Lawmakers peppered Powell with questions ranging from the Fed's injections of liquidity into short-term funding markets to climate change to the community reinvestment act (CRA) to the space economy.
Powell's answers stuck largely to script. He defended the Fed's plan to ease strains in the banking system with Treasury bill purchases and repo operations, and said the central bank will likely reach an appropriate level of reserves around mid-year.
He repeated that combating climate change is the purview of other agencies but that it is the Fed's job to make sure extreme weather events don't destabilize the financial system.
He offered little new on proposed changes to the CRA, which the Fed has so far not endorsed, and said he didn't know much about the economic impact of activities in space.

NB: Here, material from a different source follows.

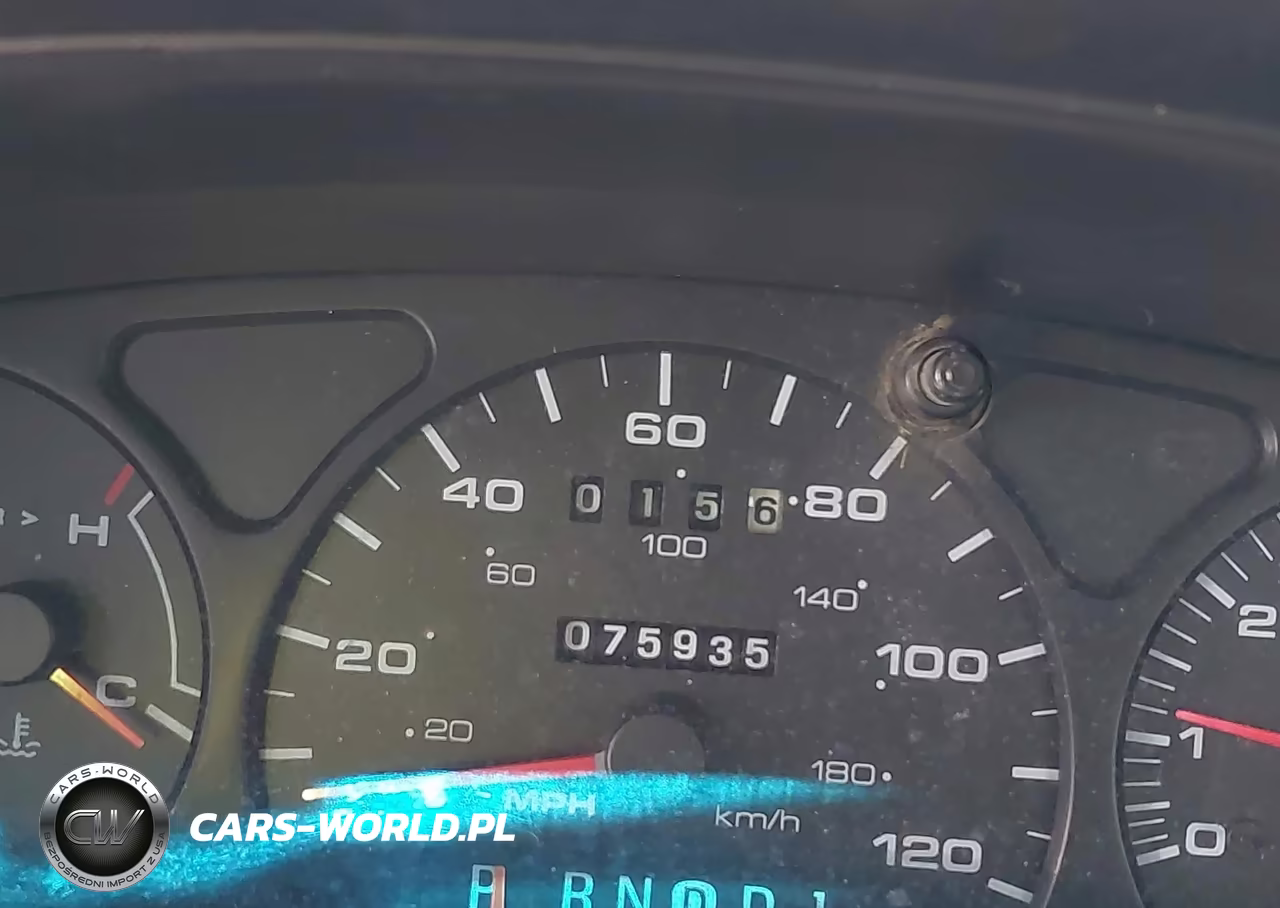 2000 Ford Taurus Se VIN:1FAFP53U7YA132489 - 7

And he declined overall to bite on partisan politics.
Asked by Kentucky Republican Andy Barr if US President Donald Trump's policies including tax cuts and trade deals were helping the economy, Powell responded, "at a high level – of course they are."
But he also sounded a muted warning about the growing federal deficit, which is predicted to reach more than $1 trillion in 2020 driven in part by the tax cuts.
At one point, California Democrat Katie Porter noted Trump's repeated criticism of the Fed and displayed a photo of Powell at a party in January hosted by Jeff Bezos and attended by Trump's daughter Ivanka, son-in-law Jared Kushner and JP Morgan Chase chief Jamie Dimon. She suggested that appearing there might show the Fed is under their sway.
"I would certainly hope not," Powell said, adding that he did not speak with any of the attendees Porter named.
As Powell spoke, the Standard & Poor's 500 index pared earlier gains and the Dow Jones Industrial Average briefly dropped into negative territory.
Trump also jumped in to again call for lower US interest rates.
"Germany & other countries get paid to borrow money," Trump tweeted, referring to negative interest rates and negative bond yields in Europe. "We are more prime, but Fed Rate is too high, Dollar tough on exports."
Powell, asked about the tweet and the market moves, said the Fed is focused only on achieving its goals of full employment and stable prices.
Powell said the stronger labor market made employers more willing to hire people with fewer skills and to train them.
He also pointed to some troubling signs in the labor market including disparities across racial and ethnic groups and a lower rate of labor force participation by individuals in their prime working years than in most other advanced economies.
He noted "subpar" productivity during the current expansion, and said that boosting labor participation and productivity "should remain a national priority."
Overall inflation based on the price index for personal consumption expenditures was 1.6 percent in 2019, below the Fed's 2 percent target. Powell said he expected it to move closer to the target over the next few months.